Here's a show you shouldn't miss: The Cartoons of John T. McCutcheon: Chronicles of A Changing World, at the Chicago Cultural Center through September 27th. The Pulitzer-Prize-winning artist, whose career ran from 1889 through 1946, mostly at the Chicago Tribune, was most of the celebrated artists of his time, and a walk through the exhibition makes it easy to see why.
And today, June 4th, at 12:15 p.m., you can hear exhibition curator - and one of our city's best storytellers - Chicago Cultural Historian Tim Samuelson give a gallery talk. (They'll be one more, on Thursday, July 9th, also at 12:15) The exhibition - and Tim - are in the Chicago Rooms, 2nd floor, Washington Street side.
You can see a few snippets of his opening night tour from last Friday below, which also also illustrate the striking way curator/designer Nathan Mason uses walls of different bright colors to make the rich, mostly black and white drawings pop. Instead of your eyes growing tired as you move row after row, they're refreshed each time you move to a new panel. SPOILER ALERT: stop watching the video after the background goes orange-yellow to avoid learning the secret of the McCutcheon's "Mysterious Stranger" drawings before you see the show.
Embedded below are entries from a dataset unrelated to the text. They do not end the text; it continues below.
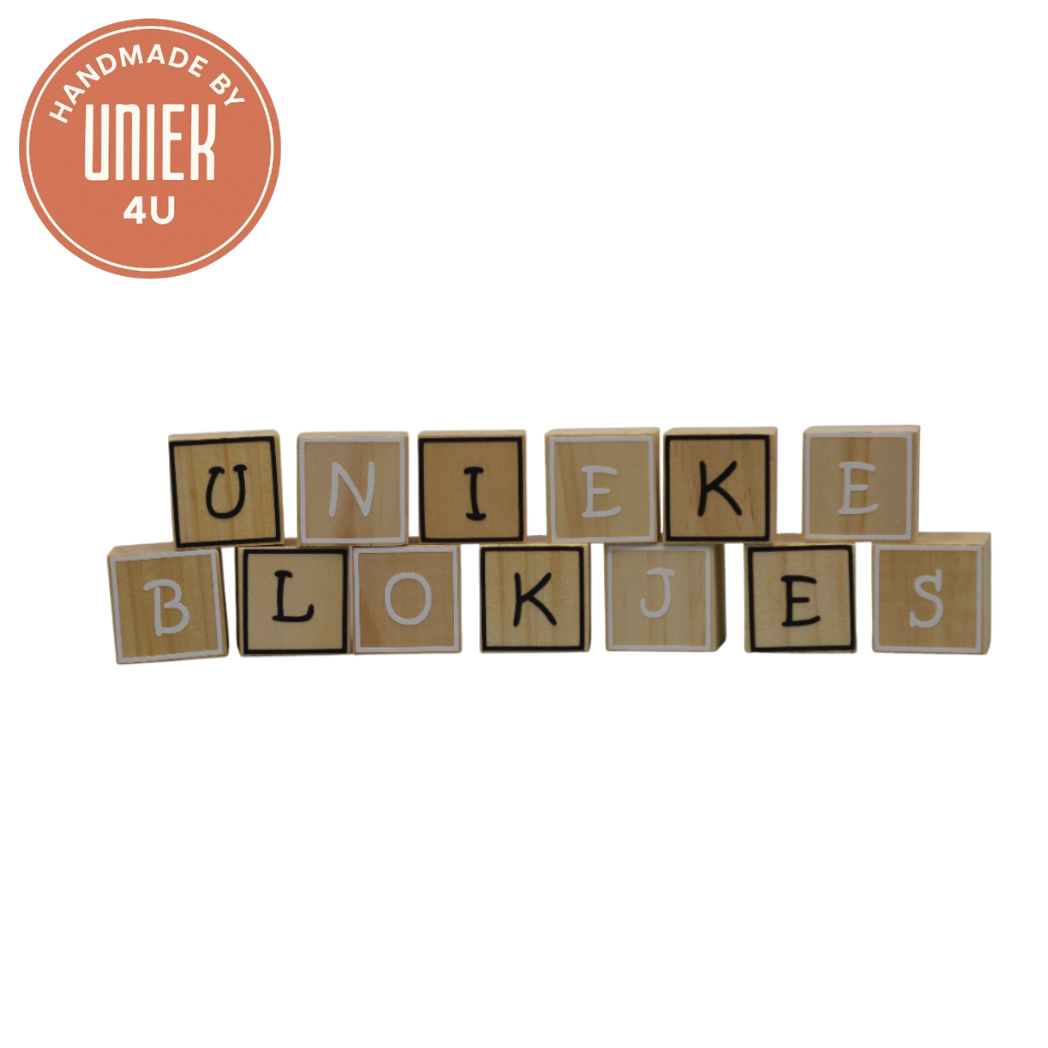 Uniek4u - Letterblokken - Witte & zwarte varianten
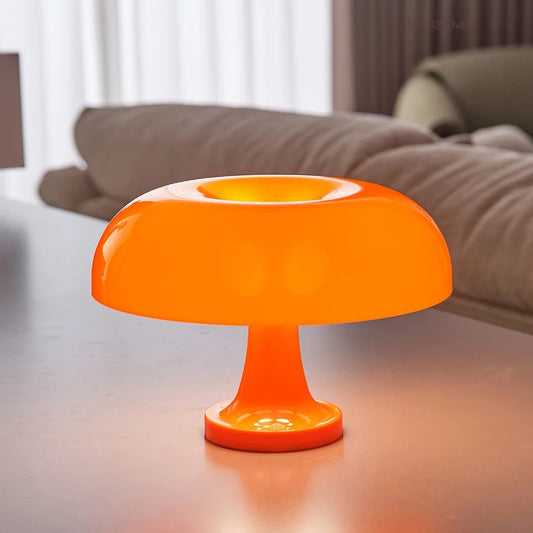 Lampe de Chevet Champignon en PVC – Orange ou Blanc
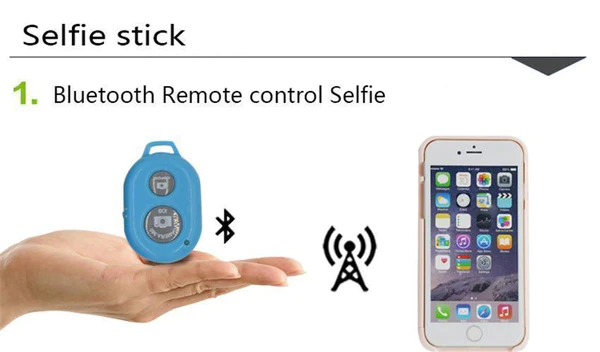 Hliníkové puzdro na selfie tyč 3 v 1 pre iPhone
The Mysterious Stranger is just one of a wide universe of characters populating McCutcheons's series A Chronicle of Social Happenings at Bird Center, from 1903 and 1904, a melodrama in pictures of the goings on in a mythical small town that drew on McCutcheon's own upbringing in Lafayette, Indiana. It was, in the words of a current writer, The Simpsons of its time, immensely popular. So popular, in fact, that it inspired a play written by Chicago novelist George Ade, Captain Fry's Birthday Party, that was performed by members of the fine arts club The Little Room. As documented below, the members happily assuming the identities of various Bird Center characters included Poetry editor and John Wellborn Root biographer Harriet Monroe, and such prominent architects as the Pond brothers, Hugh Garden, and Howard van Doren Shaw, McCutcheon's father-in-law. (click to see larger version.)
Much of McCutcheon's style falls within a fairly conventional center, but there's no shortage of engaging, eccentric accents. One drawing of the cartoonist, shown from behind, sweat shooting out of his head like a nimbus as he struggles against deadline to come up with ideas, could have been drawn by Robert Crumb. Extras filling up a street in another cityscape, by Saul Bass.
And then there's the architecture, depicted, mostly in witty caricature, but sometimes also in sharp detail, not just in the operatically scaled scenes of the rising of the city's skyscrapers, but in the smaller snapshots of its brutal, unsentimental dynamism - an abandoned church turned into a storage warehouse, a closed synagogue a cigar store. Politics and corruption (or should it be politicscorruption?) are also explicated with a satiric acuteness not even Mike Royko could better. Walking through this exhibition, you really feel you've stepped back in time, immersed in the huckster exuberance of Chicago at its boom town peak, all vividly captured byMcCutcheon.